The Indian civilisation has always placed a tremendous importance on unstitched fabric. Take a look at the lungi, the set-mundu, the dupatta, the dhoti, the daavni and finally, the sari. Unstitched fabric is somehow given sacred overtones as notice people who mostly sit for pujas wearing one of the apparels mentioned above. The belief was the unstitched fabric was pure. Besides it would confer a flow to the contours of the body which would make an Indian woman, who is graceful enough, more graceful.

          
Ghunghat

 

The Gujarati version has the pallu coming down the shoulder as opposed to the Bengali version-which is the standard version all over the country-in which the pallu is thrown over the left shoulder.
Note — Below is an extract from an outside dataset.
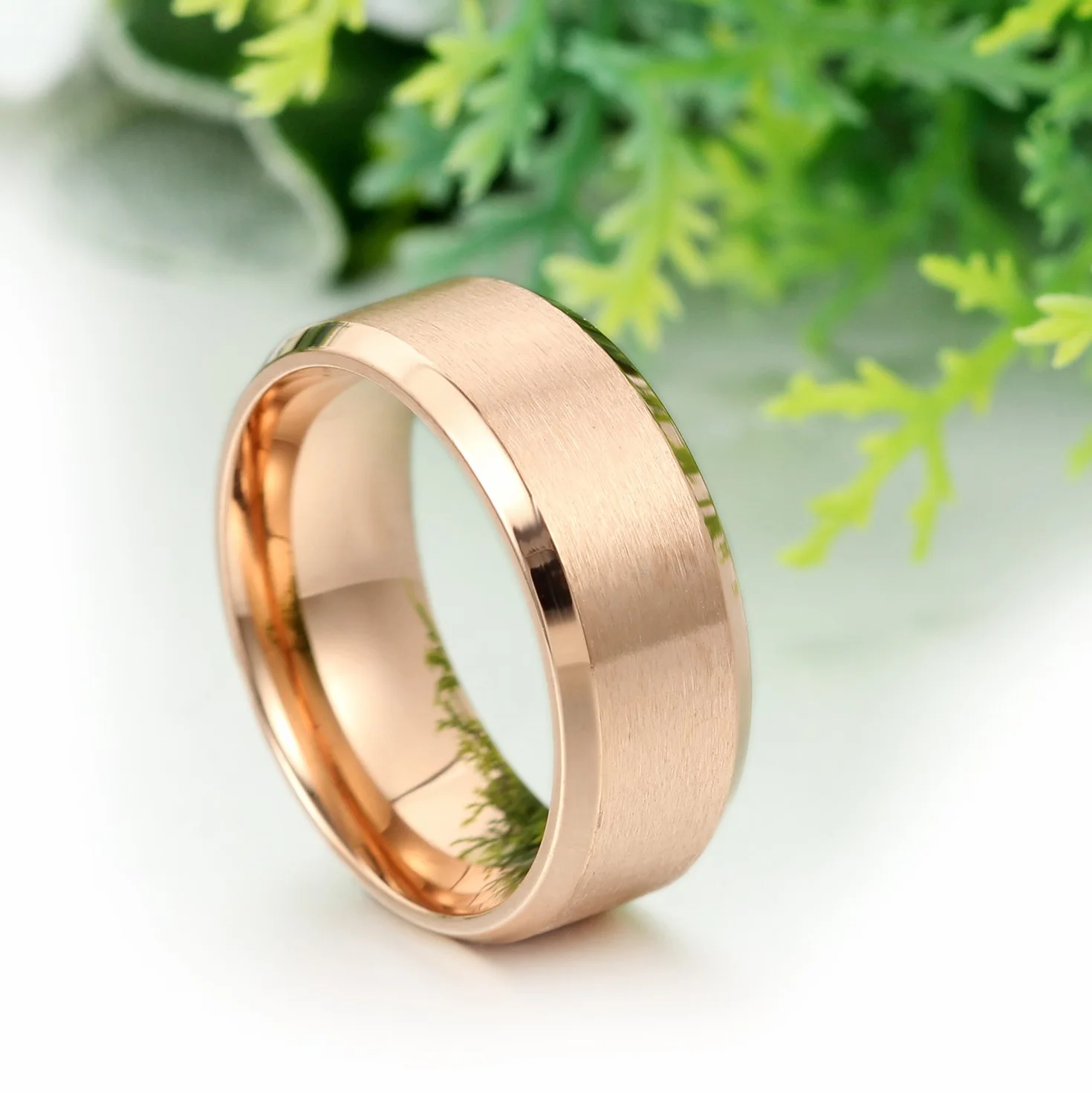 JewelryWe Obrączka ślubna ze stali nierdzewnej: Męskie pierścionki zaręczynowe 8 mm czarny srebrny złoty matowe wykończenie polerowane proste pierścionki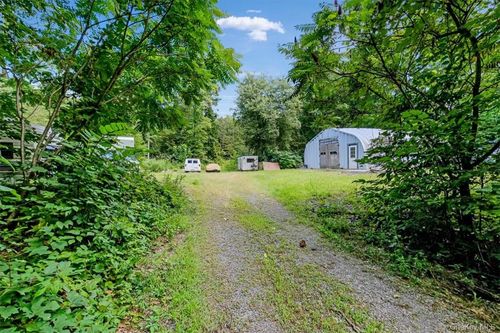 90 Freetown Rd, Wallkill, NY, 12589-4206 | Card Image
The Gujarati version is also to be seen in traditional families in U.P.and Rajasthan   although the sari is meant to bind rather than to liberate.

 The long ghunghat that the women-folk of the house have to sport as a mark of respect to the elders in the family is more like a yoke around their necks than a symbol of Indian modesty and all that.The unfortunate thing about it is that the veil is enforced by the other women of the house who should have ganged up against the men and cried a halt to this oppressive practice.

But the ghunghat has, thanks to North Indian poetry, Islamic romanticism and the imagination of hindi filmwallahs also endured as an erotic symbol. The chocolate hero lifting the ghunghat of his bride on their suhaag raat is a scene that no  respectable hindi film can be without. Looking at the downcast eyes of the bride  through the folds of a ghunghat is an ongoing erotic image that is, apparently, as much of a turn-on for the men as it for women. A prelude to the de-flowerement that is to follow, the lifting of the ghunghat builds up a sense of anticipation amongst the audience. Giggles, a shifting in the seat, a strong sense of identification with the here/heroine on scene are the subconscious effects of this scene. And it's all because of the extended bit of pallu over the head. If only it remained a romantic symbol !

And what does the modern urbanized Indian woman do when she wears the sari? Well, she doesn't just wear a sari, she wears a designer sari. The blouse is often the lateral inversion of the sari, the gap between the lower part of the blouse and the sari tucked in the waist shows as much of distracting female flesh as possible. Not that I mind. The sari is a part of power dressing for the corporate female warrior. Short hair as opposed to the bun that her traditional counterpart wears, a brief-case in one hand and a don't-mess-with-me look in the eye completes the picture.